§ EXERCISE INSTRUCTIONS: Go through the entries and set each one down exactly.
◆ ◆ ◆ ◆ ◆ ◆ ◆
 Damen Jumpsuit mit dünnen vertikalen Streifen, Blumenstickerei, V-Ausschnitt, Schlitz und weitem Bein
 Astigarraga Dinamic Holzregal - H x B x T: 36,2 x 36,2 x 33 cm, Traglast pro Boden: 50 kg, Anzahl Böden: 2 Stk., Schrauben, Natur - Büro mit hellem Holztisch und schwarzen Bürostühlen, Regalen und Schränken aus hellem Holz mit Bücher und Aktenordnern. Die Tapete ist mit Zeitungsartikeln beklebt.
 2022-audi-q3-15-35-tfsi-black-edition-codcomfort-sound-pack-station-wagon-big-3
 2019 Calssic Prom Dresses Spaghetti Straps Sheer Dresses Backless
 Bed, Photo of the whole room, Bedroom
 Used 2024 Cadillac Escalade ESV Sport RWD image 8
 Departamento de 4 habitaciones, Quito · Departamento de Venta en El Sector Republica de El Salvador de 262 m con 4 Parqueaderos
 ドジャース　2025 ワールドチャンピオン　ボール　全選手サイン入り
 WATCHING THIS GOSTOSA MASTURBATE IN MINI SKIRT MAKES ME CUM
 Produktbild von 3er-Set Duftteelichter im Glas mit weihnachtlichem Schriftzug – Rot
◆ ◆ ◆ ◆ ◆ ◆ ◆
§ ANSWER:
 Damen Jumpsuit mit dünnen vertikalen Streifen, Blumenstickerei, V-Ausschnitt, Schlitz und weitem Bein
 Astigarraga Dinamic Holzregal - H x B x T: 36,2 x 36,2 x 33 cm, Traglast pro Boden: 50 kg, Anzahl Böden: 2 Stk., Schrauben, Natur - Büro mit hellem Holztisch und schwarzen Bürostühlen, Regalen und Schränken aus hellem Holz mit Bücher und Aktenordnern. Die Tapete ist mit Zeitungsartikeln beklebt.
 2022-audi-q3-15-35-tfsi-black-edition-codcomfort-sound-pack-station-wagon-big-3
 2019 Calssic Prom Dresses Spaghetti Straps Sheer Dresses Backless
 Bed, Photo of the whole room, Bedroom
 Used 2024 Cadillac Escalade ESV Sport RWD image 8
 Departamento de 4 habitaciones, Quito · Departamento de Venta en El Sector Republica de El Salvador de 262 m con 4 Parqueaderos
 ドジャース　2025 ワールドチャンピオン　ボール　全選手サイン入り
 WATCHING THIS GOSTOSA MASTURBATE IN MINI SKIRT MAKES ME CUM
 Produktbild von 3er-Set Duftteelichter im Glas mit weihnachtlichem Schriftzug – Rot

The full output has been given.